:: Task ::
Print every record exactly, omitting all pictures.

:: Records ::
########

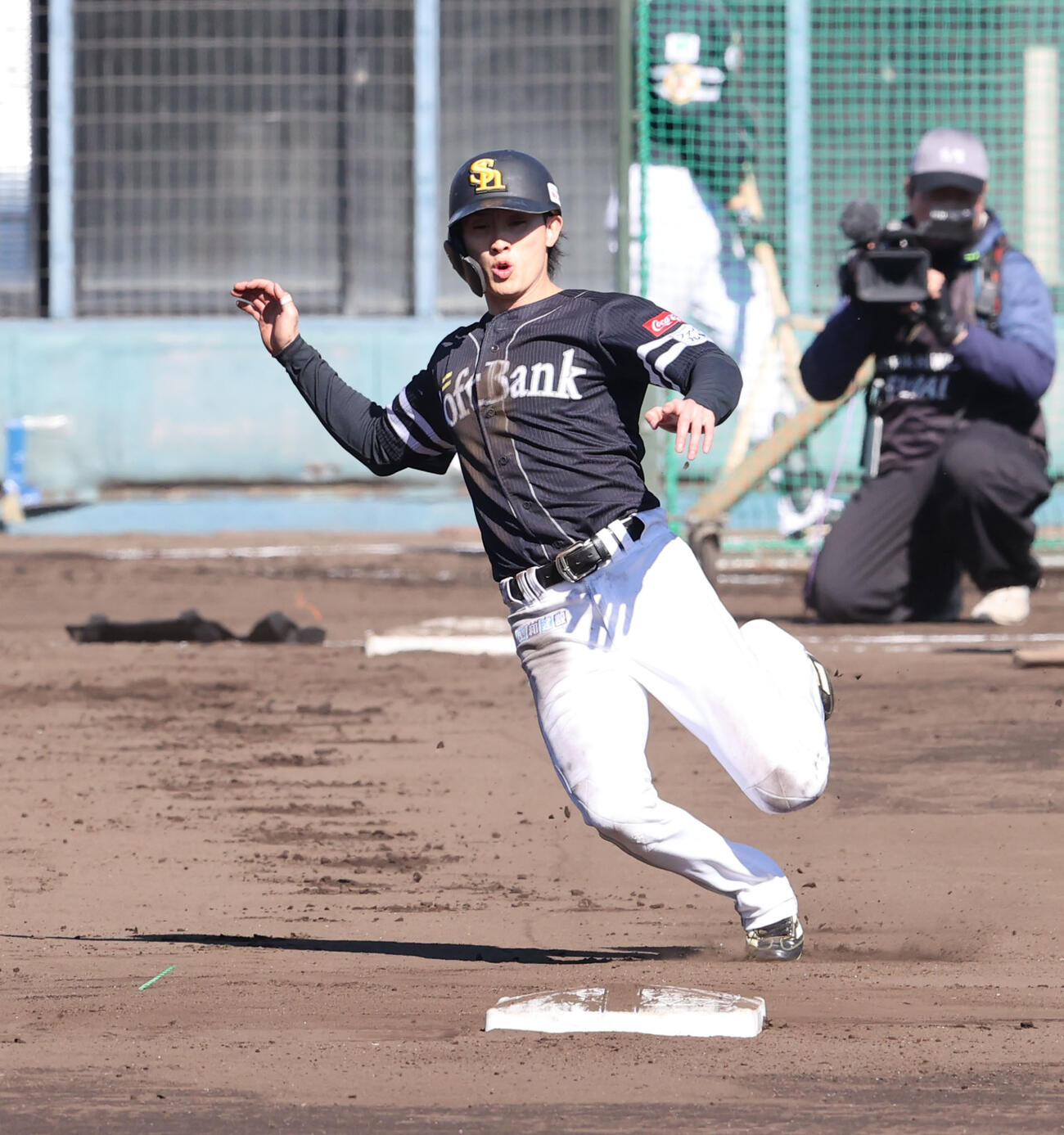 走塁練習をするソフトバンク周東（撮影・梅根麻紀）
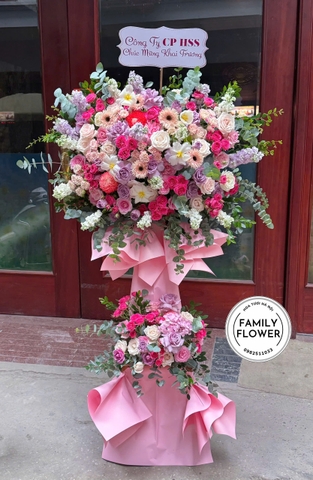 Kệ Hoa Khai Trương Hai Tầng Tone Hồng Tím Sang Trọng – Hoa Chúc Mừng Khai Trương Hà Nội | Family Flower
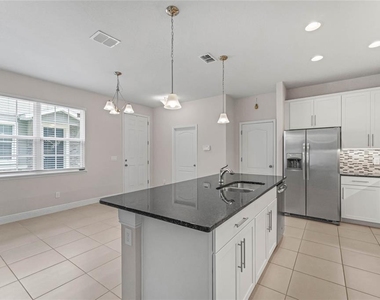 569 Bethesda Court - Photo Thumbnail 5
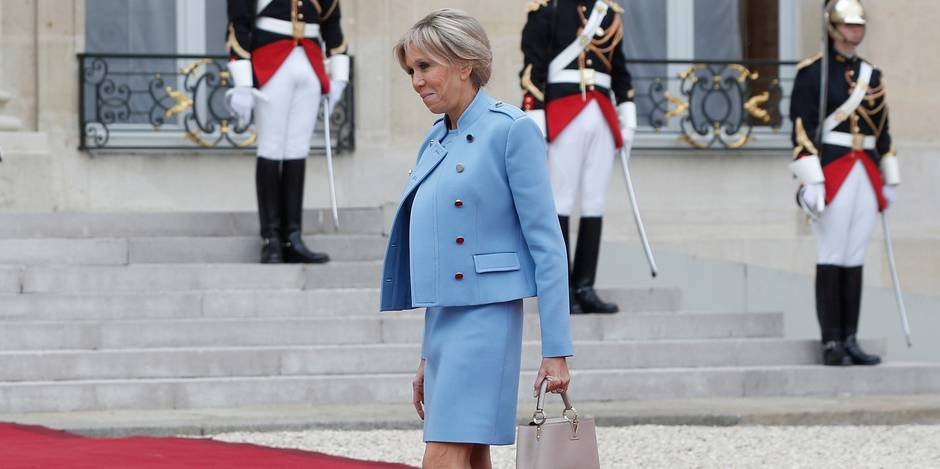 Ντυμένη όλη στα Louis Vuitton η Μπριζίτ Μακρόν για την ορκωμοσία του συζύγου της -Τι κόπιαρε από τη Μελάνια Τραμπ [εικόνες] | iefimerida.gr 12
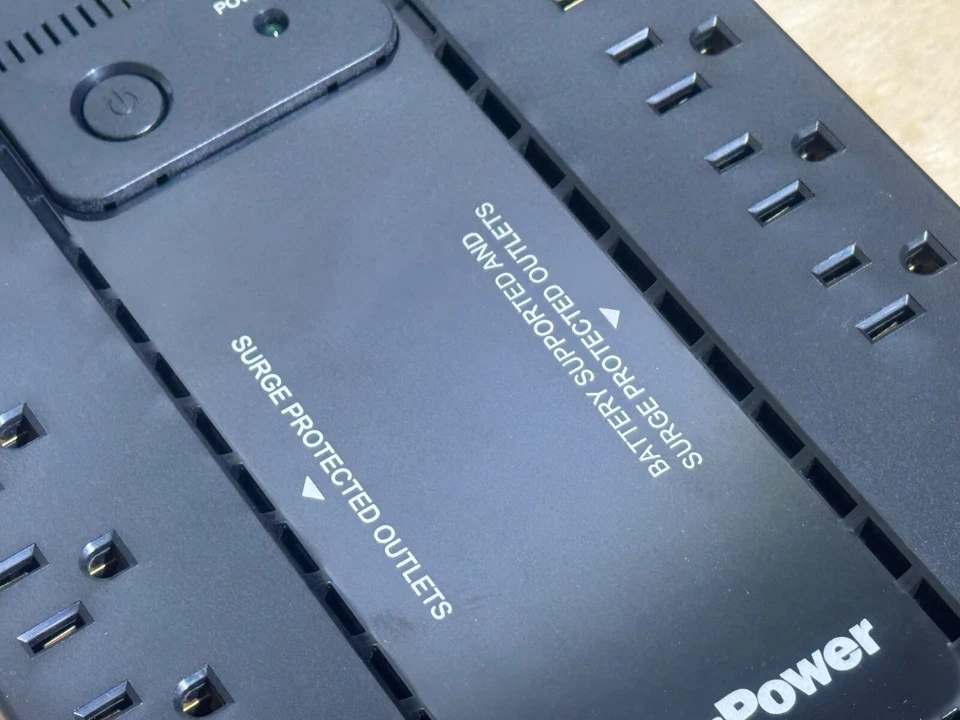 CyberPower Uninterrupted Power Backup ST900U | 900VA/500W 12 Outlets/2 USB Ports - Image 4 of 4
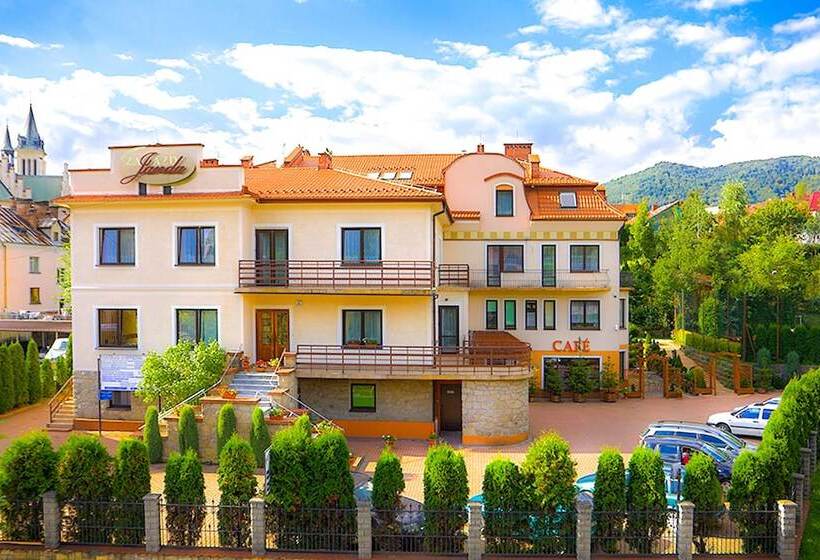 Отель Janda Resort & Conference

########

:: Solution for this exercise ::
 走塁練習をするソフトバンク周東（撮影・梅根麻紀）
 Kệ Hoa Khai Trương Hai Tầng Tone Hồng Tím Sang Trọng – Hoa Chúc Mừng Khai Trương Hà Nội | Family Flower
 569 Bethesda Court - Photo Thumbnail 5
 Ντυμένη όλη στα Louis Vuitton η Μπριζίτ Μακρόν για την ορκωμοσία του συζύγου της -Τι κόπιαρε από τη Μελάνια Τραμπ [εικόνες] | iefimerida.gr 12
 CyberPower Uninterrupted Power Backup ST900U | 900VA/500W 12 Outlets/2 USB Ports - Image 4 of 4
 Отель Janda Resort & Conference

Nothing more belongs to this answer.